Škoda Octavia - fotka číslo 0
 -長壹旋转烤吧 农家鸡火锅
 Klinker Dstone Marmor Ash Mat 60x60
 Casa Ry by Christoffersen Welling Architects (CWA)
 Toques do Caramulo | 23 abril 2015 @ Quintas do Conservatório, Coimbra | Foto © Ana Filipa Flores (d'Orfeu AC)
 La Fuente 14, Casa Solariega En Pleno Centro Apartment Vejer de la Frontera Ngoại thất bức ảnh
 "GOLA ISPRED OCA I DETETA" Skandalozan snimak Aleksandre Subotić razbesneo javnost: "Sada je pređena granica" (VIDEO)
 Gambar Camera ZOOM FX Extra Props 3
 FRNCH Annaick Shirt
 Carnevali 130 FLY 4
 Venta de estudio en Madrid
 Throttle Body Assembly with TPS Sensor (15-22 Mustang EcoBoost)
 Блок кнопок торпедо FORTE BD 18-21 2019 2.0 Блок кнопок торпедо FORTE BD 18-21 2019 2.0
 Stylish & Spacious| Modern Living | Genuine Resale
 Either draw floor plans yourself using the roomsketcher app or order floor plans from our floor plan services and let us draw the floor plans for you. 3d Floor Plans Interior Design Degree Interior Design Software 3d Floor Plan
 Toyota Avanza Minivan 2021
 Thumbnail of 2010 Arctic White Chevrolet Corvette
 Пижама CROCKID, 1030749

▶ _PROBLEM DETAILS_: Which lines of the records hold the string "Casa"? Copy each one.

▶ _RESULT FOR THIS TASK_:
 Casa Ry by Christoffersen Welling Architects (CWA)
 La Fuente 14, Casa Solariega En Pleno Centro Apartment Vejer de la Frontera Ngoại thất bức ảnh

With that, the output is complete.